Essa particular visão de mundo gerada por Saint Seiya ultrapassou as fronteiras do Japão e obteve uma valorização a nível mundial.

“Agora que eu penso, é uma visão do mundo totalmente nova... os Sagrados Guerreiros, as armaduras, o Cosmo, foram todas palavras que nunca tinham sido ouvidas antes com aquele significado, e uma vez entendidas elas tiveram um impacto fortíssimo, tanto que também no exterior o perceberam. Lendo as cartas que me chegavam de meus fãs franceses ou ingleses, por exemplo, percebi que popularidade tinha obtido no exterior. Mas aqueles que haviam entendido, mais que outros, o significado daquelas palavras estrangeiras, eram os jovens japoneses que viviam na Inglaterra e na França e que quando viram o mangá publicado em francês compreenderam a grandiosidade.

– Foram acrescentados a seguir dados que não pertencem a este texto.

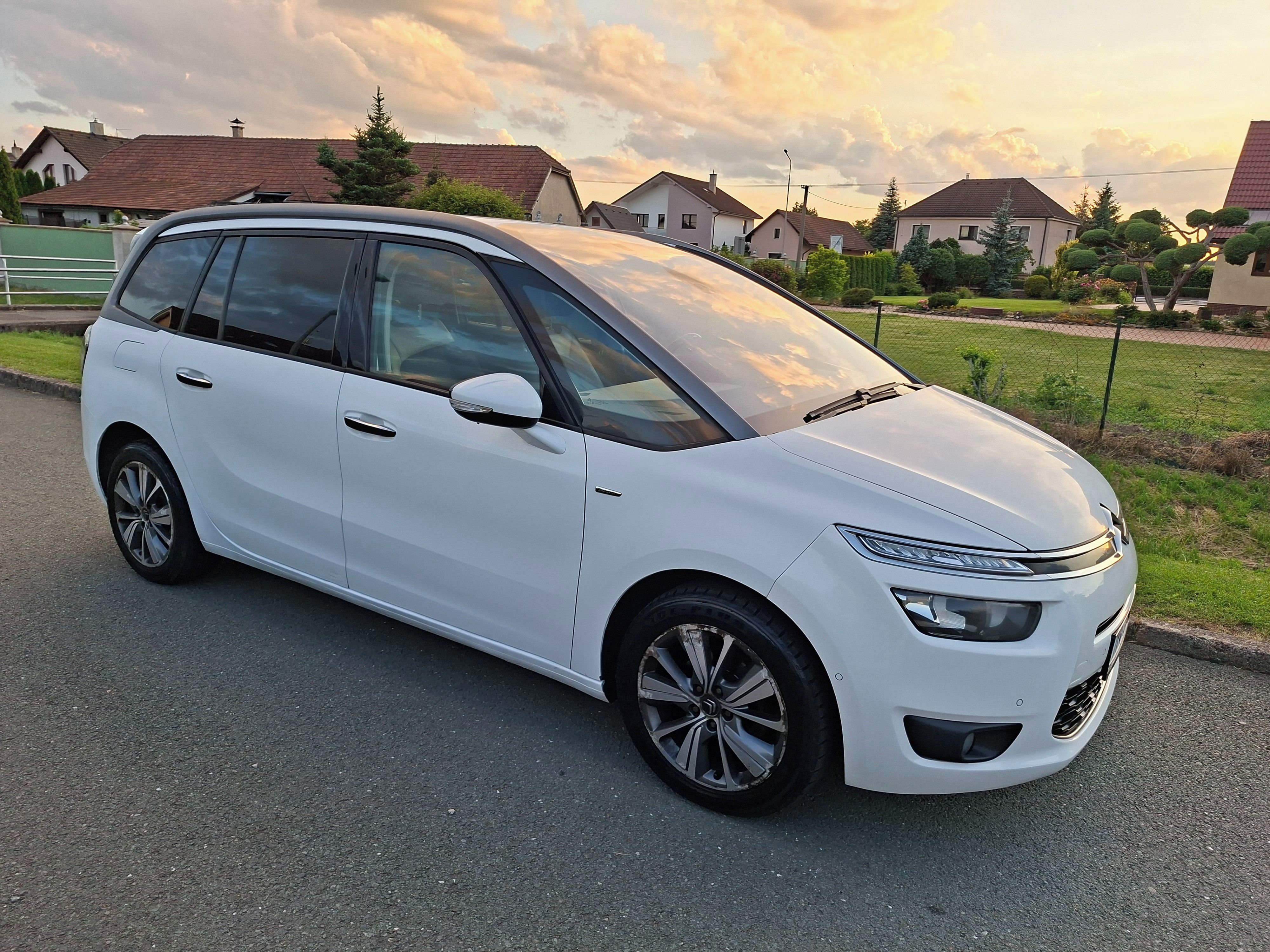 Citroën C4 Picasso, 7 míst Exclusive servis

Acontece-me de ter fãs franceses que lêem mangás japoneses e visitam o Japão, ou fãs que, querendo ler os diálogos diretamente na língua do país de origem, estudam japonês, como também fãs que estão envolvidos com a edição local do mangá, e essa é uma grande força dos quadrinhos japoneses!”

No momento, a única série em que Kurumada está trabalhando é Ring ni Kakero 2, publicada na Super Jump, e, ainda que o mestre também esteja supervisionando alguns outros trabalhos em papel e em anime, esse é o seu único verdadeiro compromisso.

“Atualmente, as condições são muito boas para que possa continuar a desenhar mangá, coisa que não acontecia no passado. Ocorre que, quando eu trabalhava para a Shônen Jump, para mim não existia nada além de mangá e mangá; criar o ‘nome’ e dar-lhe forma em desenhos me tomava tanto tempo que não conseguia dormir à noite, e assim não tinha oportunidade de me encontrar com outras pessoas não relacionadas ao mundo dos mangás. Mas agora, com Ring ni Kakero 2, considerando que é publicado a cada duas semanas, eu tenho uma semana de tempo para criar o ‘nome’ e traduzi-lo em desenhos e uma dedicada a outras pessoas, a beber ou qualquer outra coisa, e posso ver qual é a diferença entre o dever e o prazer. E então, visto que eu adoro bastante luta livre, assim como ir ver os encontros, conheci até lutadores”.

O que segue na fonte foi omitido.